Si les bachelors se développent dans les écoles d'ingénieurs – et même à l’Ecole polytechnique – la question se pose essentiellement pour les classes préparatoires économiques et commerciales. Nombreux sont en effet les élèves qui leur préfèrent une école postbac – en cinq ans – ou un bachelor en trois ou quatre ans. La plus grande dimension internationale, la quasi-certitude d’obtenir le diplôme de l’école ou encore les stages en entreprise les séduisent plus qu’un enseignement en classe préparatoire jugé trop académique.


Face à cette concurrence les classes préparatoires ont su réagir en travaillant sur la question du continuum entre elles et les écoles. Ells sont nombreuses aujourd'hui à proposer à leurs élèves un séjour en entreprise à la fin de leur première année. Et parce que beaucoup d’élèves se sentent en décalage entre ce qu’ils ont appris en classes préparatoires et ce qu’on leur enseigne ensuite en écoles de management, des cours qui rappellent ceux des classes préparatoires sont maintenant proposés plus largement dans les écoles.


Avec la réforme du bac - qui intervient en 2021 - c’est maintenant la question du continuum bac / prépas qui se pose. Et les pousse à se réinventer.
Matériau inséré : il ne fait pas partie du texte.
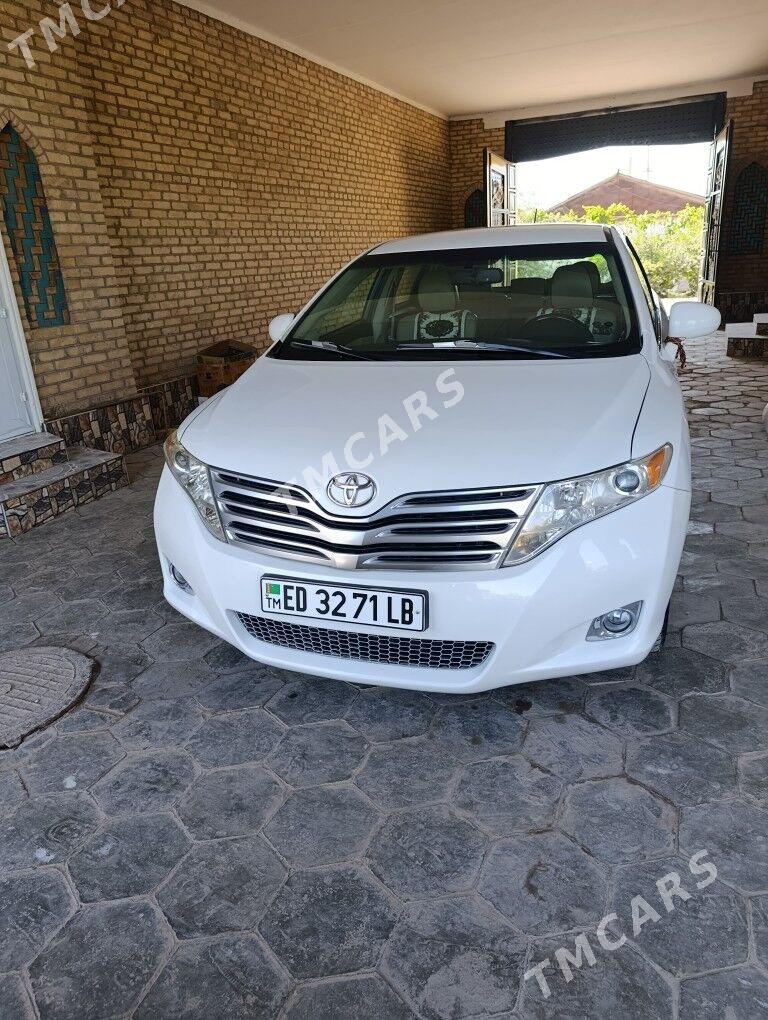 Toyota Venza 2012 - 195 000 TMT - Kerki - img 2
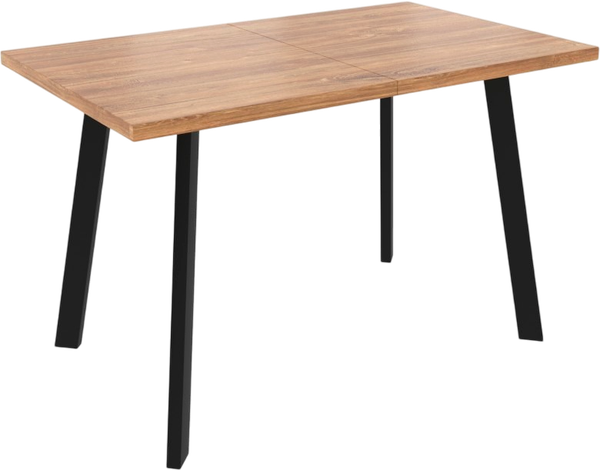 Обеденный стол Listvig Фин раздвижной - фото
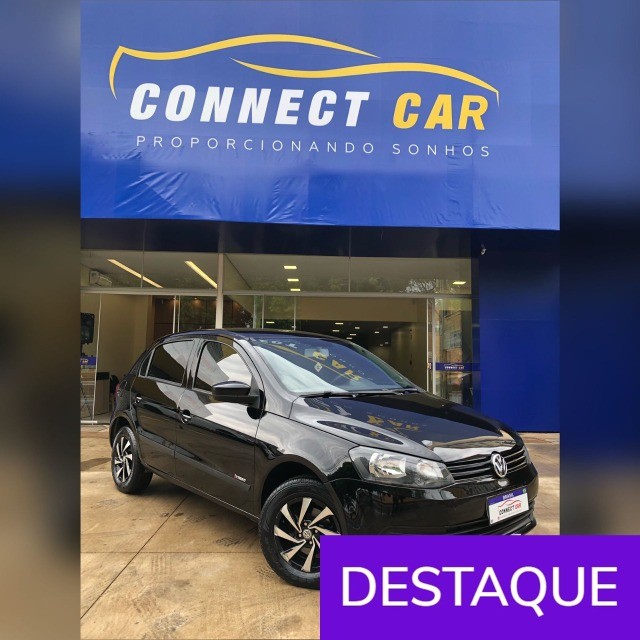 GOL G6 2015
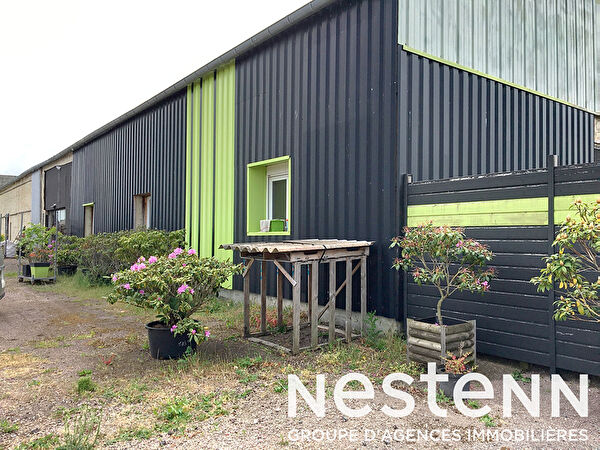 Vente par agence immobiliere à Beuvillers (14100)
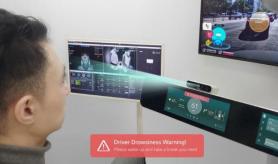 [NNA] LG전자-도로교통연구원, 사고방지기술 강화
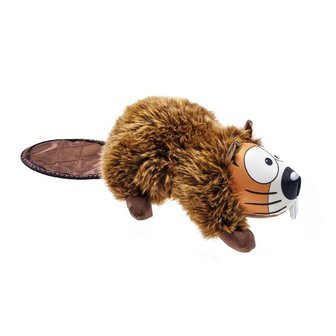 Toy Hund Broome Biber 36 Cm Polyester 3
Jusqu’ici les bacheliers ES suivaient une classe préparatoire ECE, les S une ECS. Demain seule subsistera la filière ECT pour les bacheliers STMG. Les deux autres devront s’adapter. Sans doute en créant des parcours. Quatre en tout selon le niveau en maths des candidats :


- mathématiques approfondies / géopolitique ;
- mathématiques approfondies / économie sociologie et histoire du monde contemporain (ESH) ;
- mathématiques appliquées / géopolitique ;
- mathématiques appliquées / ESH.


Mais faut-il aller plus loin ? Et comment ? Nombreux sont ceux dans les écoles de management qui plaident pour une plus grande ouverture de la filière. Dans l’esprit du nouveau bac ils plaident pour que les élèves de classes préparatoires EC puissent accéder à des cours très différents. Et notamment de sciences. Biologie, physique, ils imaginent que la filière pourrait encore plus ressembler aux liberal arts américaines. Ce qui reste difficile à imaginer tant les moyens sont contraints.


D’autres souhaitent que les classes préparatoires aient plus largement recours aux travaux en groupes. Dans l’esprit de ce qui se pratique dans certaines oraux – Edhec et La Rochelle BS notamment – elles pourraient alors proposer à leurs élèves de réaliser des projets en commun. Mais pour que la pratique prenne son envol encore faudrait-il que les écoles de management se mettent d’accord pour proposer plus largement des épreuves en rapport. Ce qui n’est pas simple tant les recours pourraient être nombreux dès lors qu’un candidat se sentirait désavantagé par le niveau de son groupe.


Mais alors pourquoi ne pas recourir plus largement au contrôle continu ? Dans l’esprit du nouveau bac – où 40% de la note finale passe par le contrôle continu en 2021 – ce serait une façon de donner plus d’impact au travail des professeurs de classes préparatoires.